The Data Broker Core is a collection of common components used by other Data Broker packages.

Background

The U.S. Department of the Treasury is building a suite of open-source tools to help federal agencies comply with the DATA Act and to deliver the resulting standardized federal spending information back to agencies and to the public.

For more information about the Data Broker codebase, please visit this repository's main README.

Data Broker Core Database Reference

The Data broker uses a single database (called data_broker) to track broker users, jobs and submissions, validation errors, and domain information needed to run data validations.

Data Broker Core Project Layout

The Data Broker Core is a collection of common components used by other Data Broker packages. The directory structure is as follows:

dataactcore/
├── aws/            (Common AWS functions)
├── migrations/     (Alembic migration scripts)
├── credentials/    (Database credentials)
├── models/         (ORM models)
├── scripts/        (Utility and database setup scripts)
└── utils/          (JSON helper objects)

AWS

The aws/ folder contains all of the common code that uses AWS Boto SDK, which requires the AWS CLI to function correctly. The installation instructions for the AWS CLI can be found in the Data Broker installation guide.

Migrations

This contains the code for running migrations to different alembic versions of the database, and contains the version history for all alembic migrations.

Models

The models/ folder contains the object-relational mapping (ORM) definition for all models used in the Data Broker project. When a new table is needed, a new object needs to be defined using the SQLAlchemy object notation. For example, a table with a single column of text and a primary key should be defined as follows.

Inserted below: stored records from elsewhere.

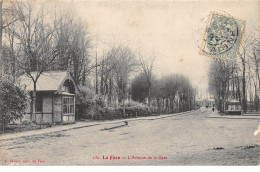 LA FERE - L'Avenue De La Gare - Très Bon état - Sonstige & Ohne Zuordnung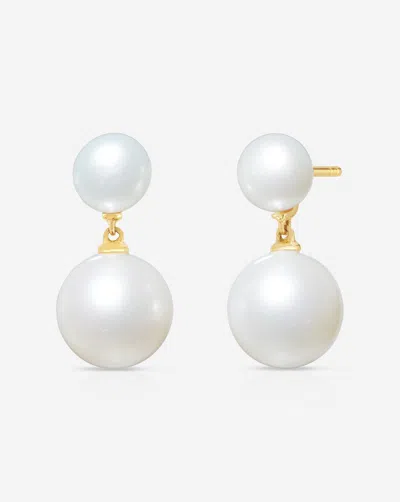 RING CONCIERGE PEARL DUO DANGLE EARRINGS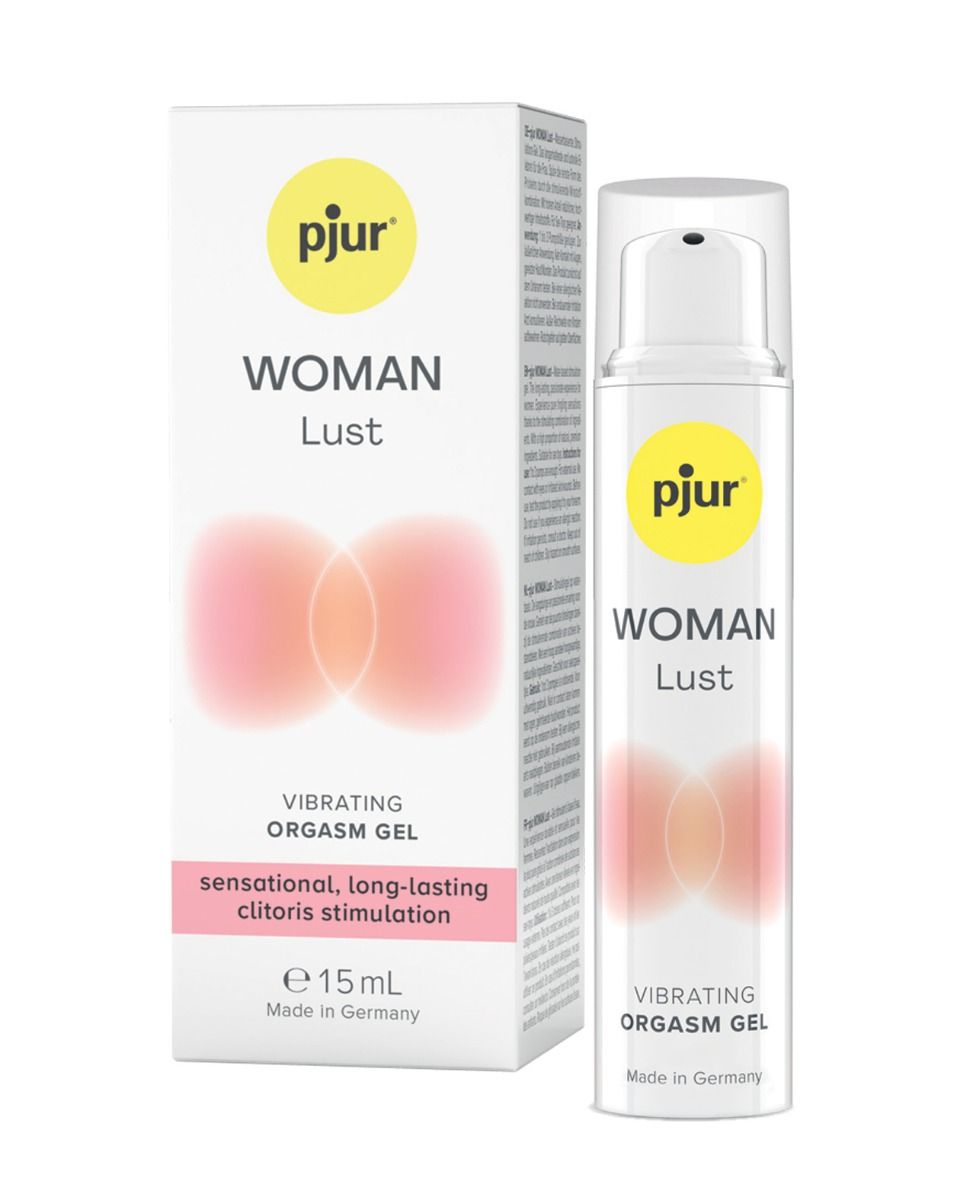 Woman Lust Intense Stimulating Gel - 15 ml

from sqlalchemy import Column, Integer, Text
from sqlalchemy.ext.declarative import declarative_base

Base = declarative_base()
class ExampleTable(Base):
    __tablename__ = 'example_table'

    example_table_id = Column(Integer, primary_key=True)
    text_field = Column(Text)

Note that all new ORM objects must inherit from the declarative_base object and have the __tablename__ field set. For consistency, field and tables names should be in all lower case, separated by _ between words.

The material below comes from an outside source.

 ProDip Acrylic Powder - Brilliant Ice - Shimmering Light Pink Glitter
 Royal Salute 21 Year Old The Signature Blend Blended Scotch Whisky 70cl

Additional fields exist on some of the models to enable the automatic population of foreign key relationships. These fields use the relationship function to signify a mapping to another table. More information on SQLAlchemy ORM objects can be found on the official website.

Scripts

The scripts/ folder contains various python scripts used in the Data Broker backend install process as well as various utility scripts.

Utils

The utils/ folder contains common REST requests and error handling objects. These provide a common way for other broker components to handle requests.

The RequestDictionary class is used throughout the Data Broker repository to provide a seamless method to access both the JSON Body and POST FormData from a REST request. For example, if the following JSON was sent to a REST endpoint:

{
  "data" : "value"
}

It would be accessed by:

    requestDictionary = RequestDictionary(request)
    value = requestDictionary.get_value("data")

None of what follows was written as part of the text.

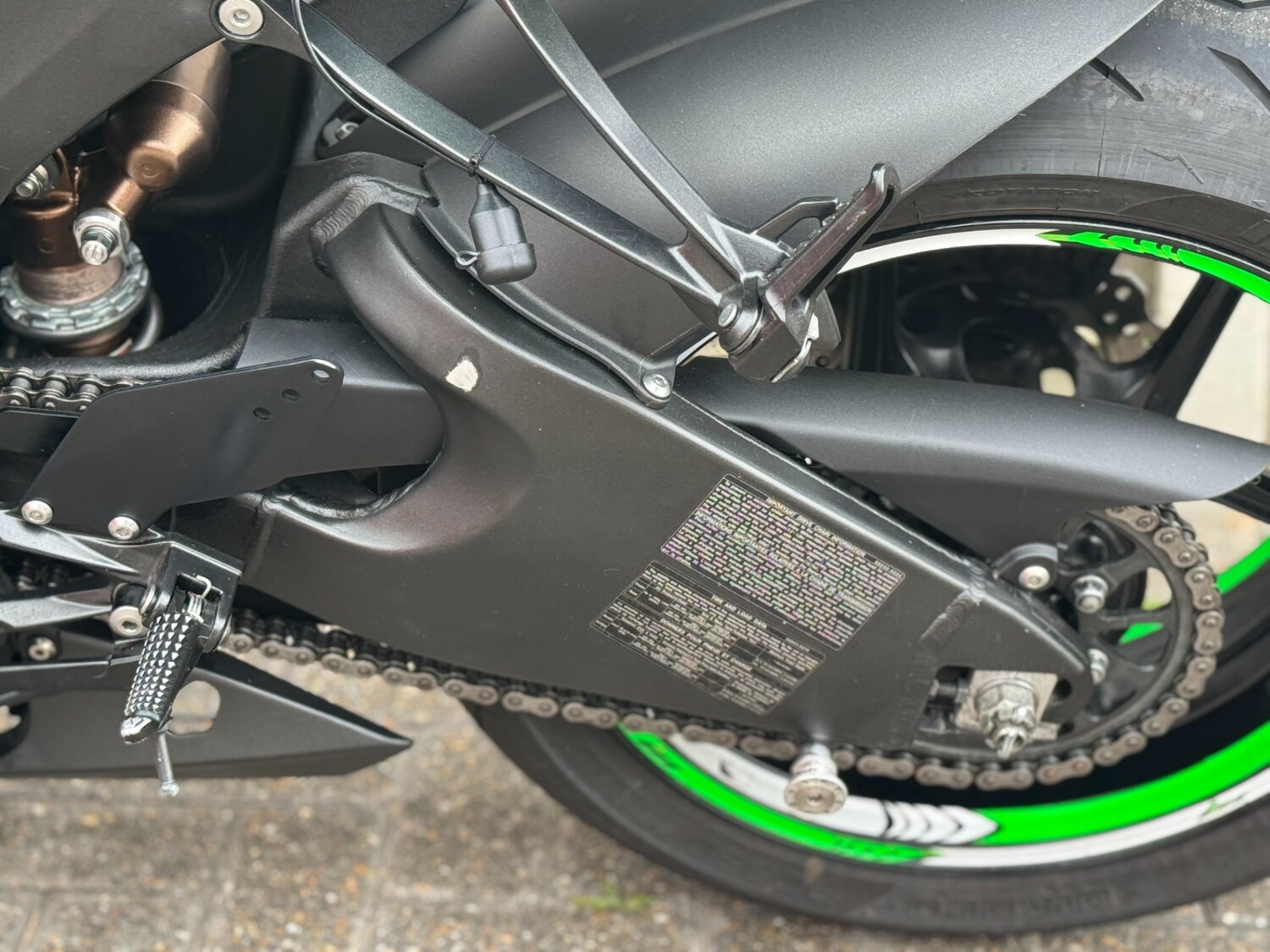 Kawasaki NINJA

The JsonResponse object contains methods for automatically encoding a JSON response from a REST request. Users are able to pass dictionary objects that will be automatically converted to JSON with the correct application headers added.

In addition, the static error method will auto create a JSON response with the current exception stack trace encoded. This is useful in the development environment, but should be disabled in production by setting the debug configuration to false.